Stargazers perform grav wave 'paleontology' in simulations

Astrophysicists are one step closer to understanding how pairs of merging black holes form in the far reaches of the cosmos.

The dramatic melding of two black holes produced the first gravitational waves detected by the Earth-based Advanced Laser Interferometer Gravitational-wave Observatory (LIGO). While these waves confirmed Einstein’s theory of general relativity, questions were raised about how the holes were formed in the first place: it's rather rare for two such terrifying voids to smash into each other.

Using computer simulations, a team of scientists from the University of Birmingham, UK, and the University of Amsterdam, in the Netherlands, has modeled the types of stars that eventually evolve to become pairs of merging black holes. Their results were published Wednesday in Nature Communications, and shed light on how massive stars wind up as cannibalistic black holes meandering through the universe.

These giant voids rarely encounter objects in their path. We're told that before two holes collide, they may start out as huge stars no further than a fifth of the distance between our Earth and the Sun apart – that's just 18.6 million miles or 29.9 million kilometres, and very close by astronomical standards.

However, black holes are typically formed from massive stars that grow to be much larger than this gap and thus are further from their neighbors than the magic distance. Therefore, the stars have to be squeezed tightly together, a scenario described as “isolated binary evolution via a common-envelope phase.”

“Getting massive stars so close together is one of the main challenges, since massive stars expand during their lives to become up to a thousand times the size of the sun. In our model, massive stars are brought close together through a process known as a common envelope, where at some point both stars orbit inside of the same envelope,” Simon Stevenson, first author of the paper and a PhD student at the University of Birmingham, explained to The Register.

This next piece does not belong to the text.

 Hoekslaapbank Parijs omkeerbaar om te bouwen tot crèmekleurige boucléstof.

According to the boffins, the stars start out at wide distances from each other, passing mass to one another within a bubble of gas and dust. As gas leaks from the system, the doomed stars lose energy, and their orbits shrink, thus bringing them closer together.

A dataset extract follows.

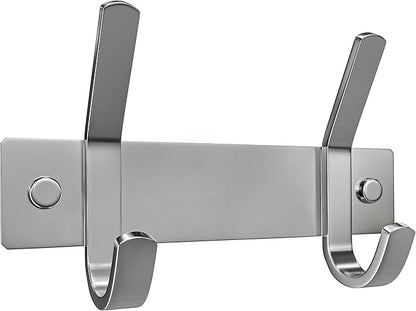 Small Coat Rack Wall Mount – Brushed Nickel 6 Inch Stainless Steel Hook Rail with 2 Heavy Duty Double Coat Hooks – Wall Mounted Coat Hanger for Entryway, Bathroom, Bedroom, Towel, Hat Organizer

“They then spiral in towards each other, shedding this outer envelope. This leaves a much closer binary, in which the stars can eventually form black holes that merge and are observed by LIGO,” Stevenson continued.

These strict constraints make merger events rare. By scrutinizing the observations made by LIGO, the researchers can piece together the holes' histories. Professor Ilya Mandel, senior author of the paper and researcher at the University of Birmingham, compares it to “a kind of paleontology for gravitational waves.”

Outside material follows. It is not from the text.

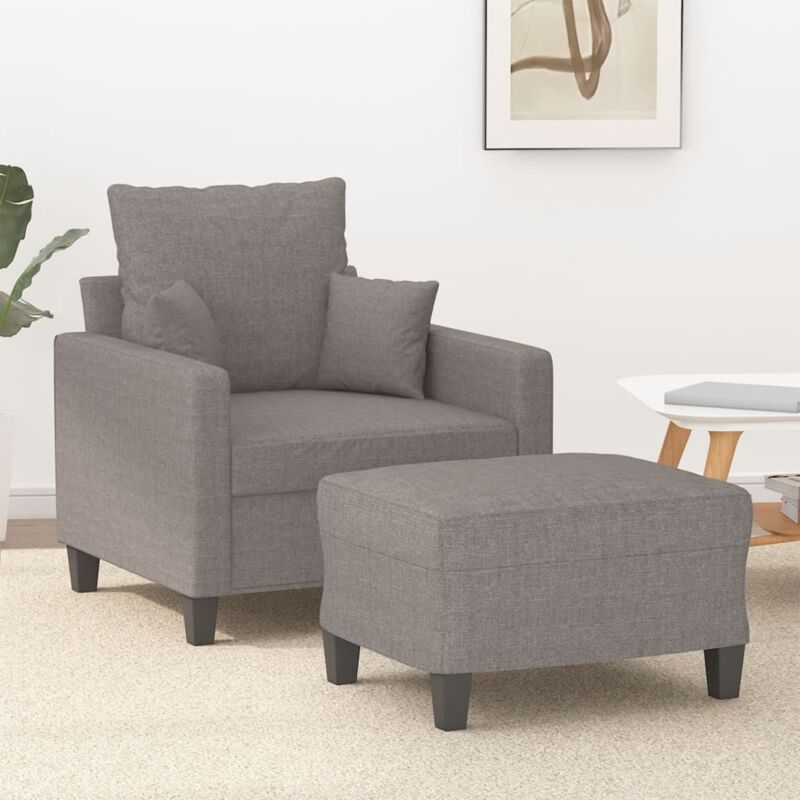 Sessel Mit Hocker Taupe 60 Cm Stoff Vidaxl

“A paleontologist, who has never seen a living dinosaur, can figure out how the dinosaur looked and lived from its skeletal remains. In a similar way, we can analyze the mergers of black holes, and use these observations to figure out how those stars interacted during their brief but intense lives.”

The simulations have also revealed the typical properties of stars that go on to become a merging black hole. For example, the team found that a collision of two black holes with unequal masses means that the stars were probably formed almost completely from hydrogen and helium.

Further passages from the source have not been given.